Defendant also argues that the trial court erred in scoring his Sentencing Information Report
(SIR). Although not raised below, we agree with defendant that his SIR was improperly scored when
the same felony conviction was counted as both a high severity felony under PRV 1 and a low severity
felony under PRV 2 in computing his PRV score. Eliminating the ten points scored for the low severity
felony under PRV 2 changes the applicable guidelines’ range from 3 to 10 years to 1 ½ to 5 years.
Because the trial judge indicated that he believed he was sentencing defendant to a sentence at the low
end of the guidelines range, we remand the case to the trial court so that the court can determine
whether it would impose the same sentence, or a different sentence, in light of the changed scoring.
People v Chesebro, 206 Mich App 468, 474; 522 NW2d 677 (1994).

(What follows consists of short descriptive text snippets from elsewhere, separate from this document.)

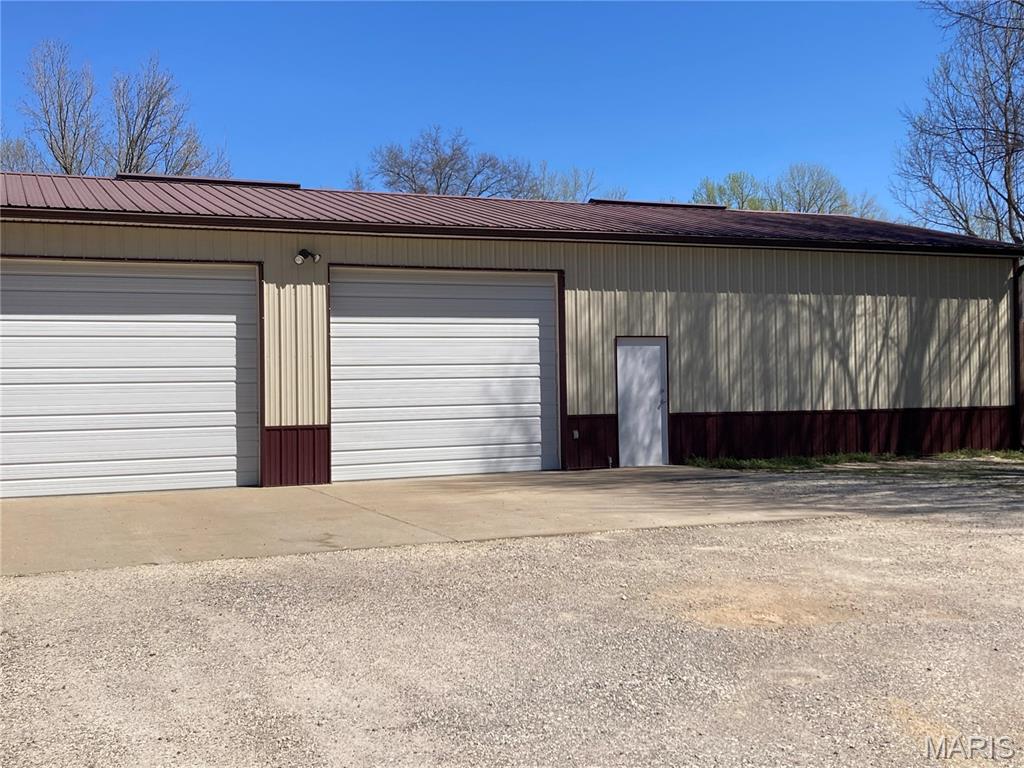 Cape Rock Village - Commercial Sale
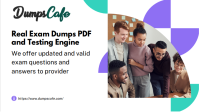 Dumpscafe HP HPE7-A01 Exam Braindumps PDF
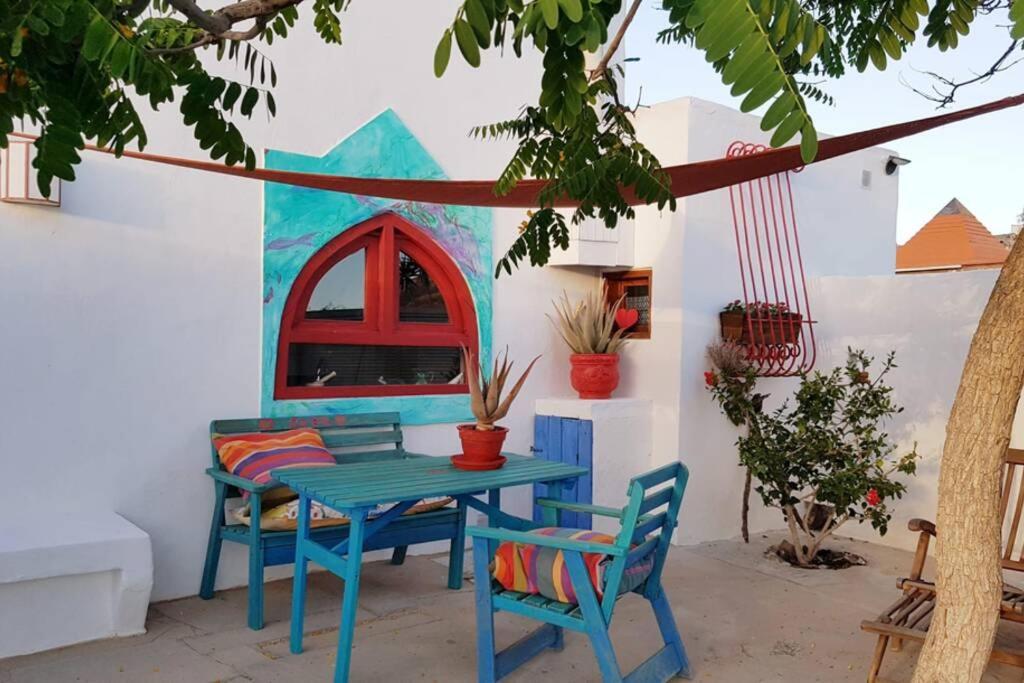 Romantica Fuego - Eco Retreat Finca Artis Tirma تاراخاليخو المظهر الخارجي الصورة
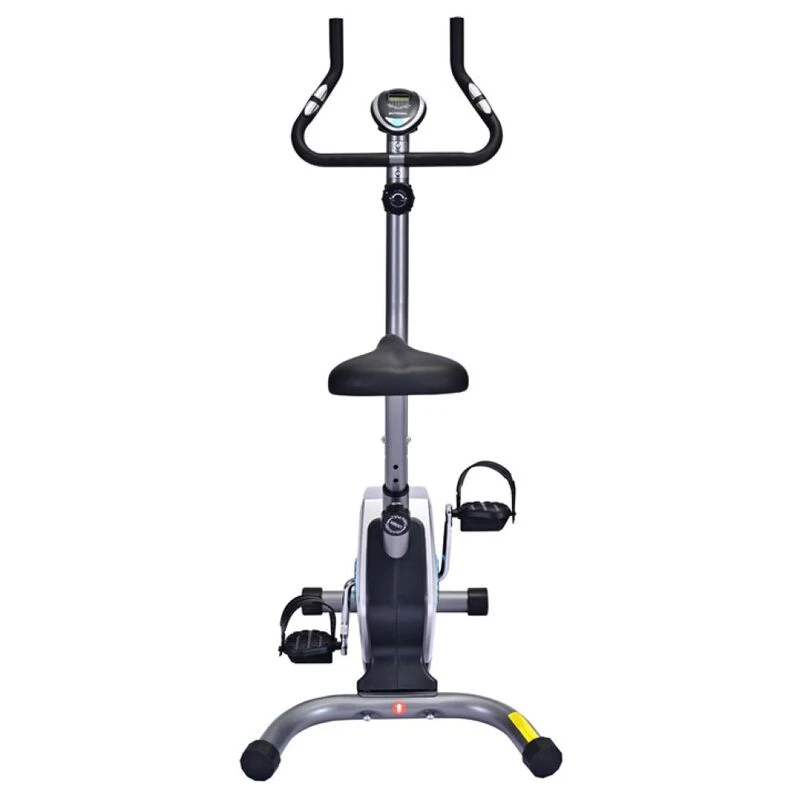 Synerfit SNT160 Discovery Edition Exercise Bike Black Sportpursuit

Defendant’s final argument is that his four to twenty year sentence is disproportionate and
constitutes cruel and unusual punishment. In light of the remand ordered on the previous issue, it would
be premature to decide these issues at this time. Chesebro, supra at 475. If the trial court affirms its
original sentence or imposes a shorter sentence which defendant still believes to be disproportionate and
cruel and unusual, defendant may again raise these challenges in an appeal following the remand. Id.
To the extent defendant also attempts to argue that he received ineffective assistance of counsel,
we decline to review this issue because it was not properly set forth in defendant’s statement of
questions involved and, therefore, is not preserved for review. MCR 7.212(C)(5); City of Lansing v
Hartsuff, 213 Mich App 338; 539 NW2d 781 (1995).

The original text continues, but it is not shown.